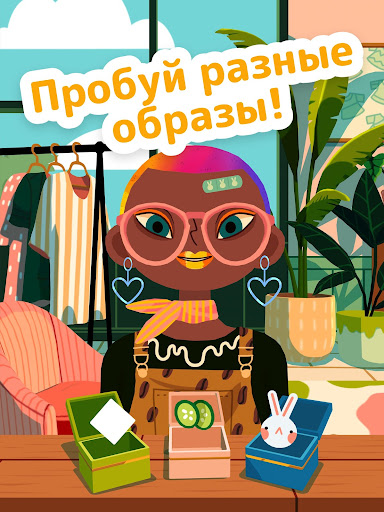 Toca Hair Salon 4 ПК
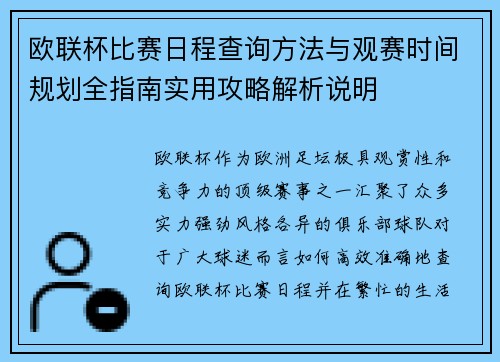 欧联杯比赛日程查询方法与观赛时间规划全指南实用攻略解析说明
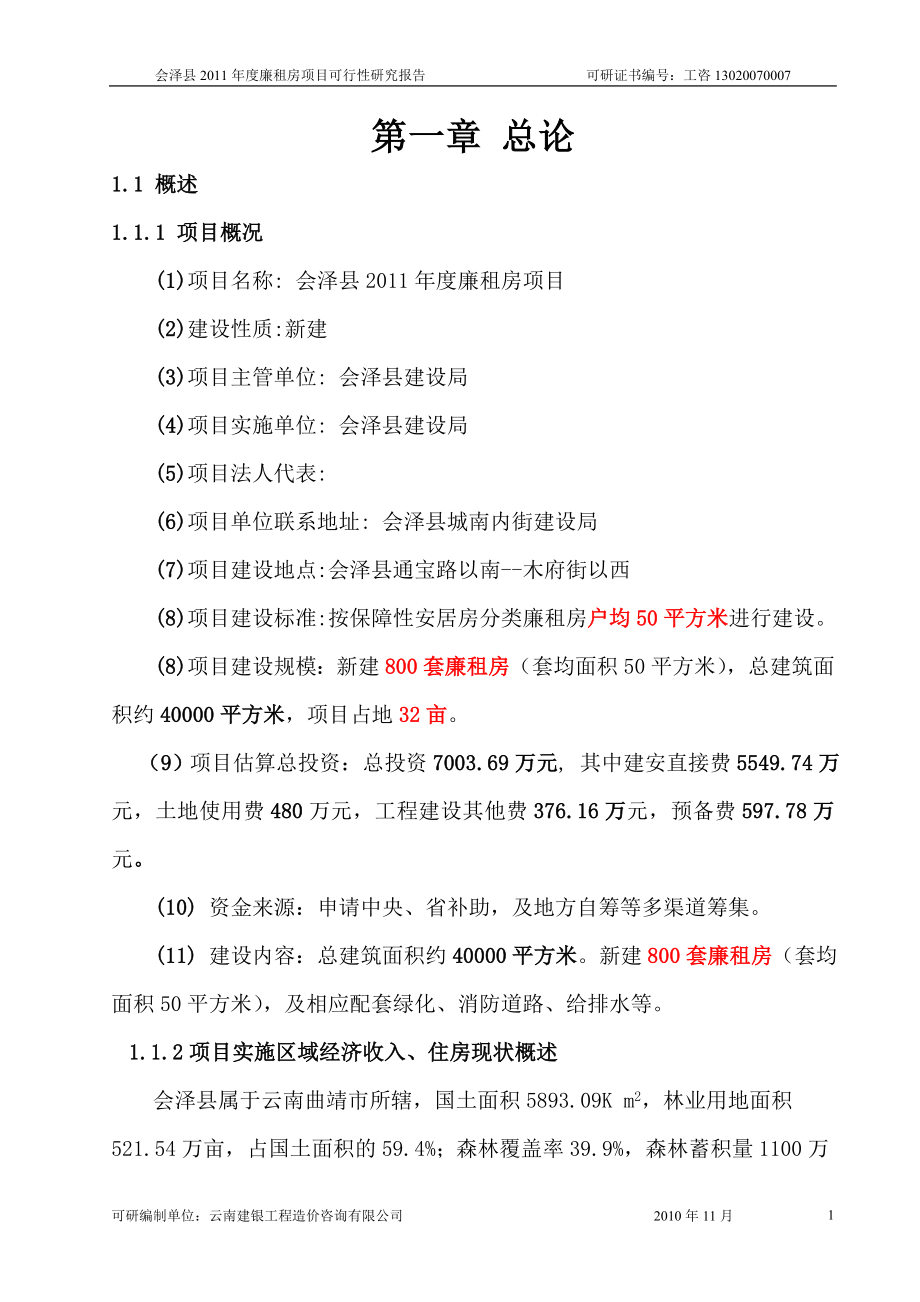 会泽县2011年度廉租房项目可行性研究报告.doc_第1页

#### Aim of the exercise
The answer should match the data above word for word, with no pictures in it.

#### Written solution
 Toca Hair Salon 4 ПК
 欧联杯比赛日程查询方法与观赛时间规划全指南实用攻略解析说明
 会泽县2011年度廉租房项目可行性研究报告.doc_第1页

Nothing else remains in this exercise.